How high will DASH price go next?
Both ZEC and DASH share nearly identical long-term structure, featuring a multi-year downward channel dating back to 2017, followed by an attempted breakout in late 2025.
ZEC broke above the upper trend line of the descending channel in late September, triggering a 634% rally from about $60 to over $390 within a few weeks.
The breakout from the descending channel flipped multiple resistance levels into support, including the 200-2W Exponential Moving Average (200-2W EMA represented by the blue wave), the 0.236 and 0.38 Fibonacci retracement lines.
Meanwhile, ZEC’s Relative Strength Index (RSI) did not stay near 70, the typical overbought threshold, and continued to rise, reflecting unchecked bullish momentum.
As of Monday, Dash was roughly in the same position as Zcash before the rally, testing the upper end of a seven-year downward channel.
RSI is around 78.70, below ZEC’s recent peak, suggesting there may still be plenty of headroom for the rally.
Related: Crypto investors flee visibility for anonymity as privacy coins soar 80%
A break above the upper trendline of the channel could send DASH price heading toward the 0.236 Fibonacci retracement level near $98 in the coming weeks. That means the price can rise up to 400% from current levels.

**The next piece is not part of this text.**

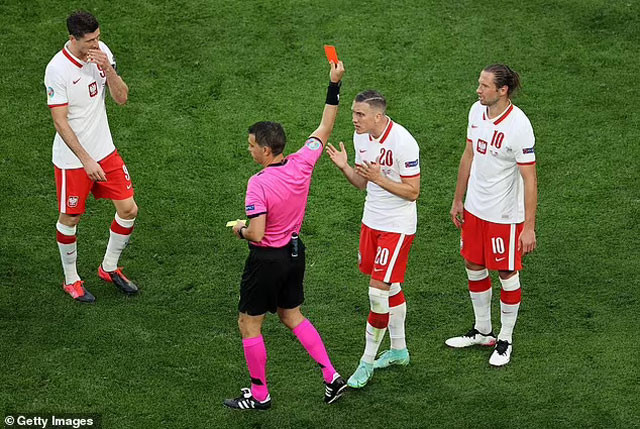 Chiếc thẻ đỏ của Krychowiak là bước ngoặt của trận đấu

What could ruin this bullish DASH setup?
Each time DASH tested the upper bound of a multi-year downward channel in 2018, 2021, and 2022, it has undergone significant corrections of 85-97%.
Currently, the price is once again testing the $98-$100 resistance zone, and a similar reaction could occur if the buying momentum stalls.
An initial drop to $69 coinciding with the 200-2W EMA (blue wave) would represent a 20% decline and would be the first area to look at support by the end of November or December.
If selling pressure increases, DASH could fall further and test the 50-2W ($34) and 20-2W ($34.65) EMAs in H1 2026.
In the worst-case scenario, history suggests that by 2026, the lower trendline around $14-$16 will be fully retested, completing yet another cycle within the long-term descending channel.
This article does not contain investment advice or recommendations. All investment and trading moves involve risk and readers should conduct their own research when making decisions.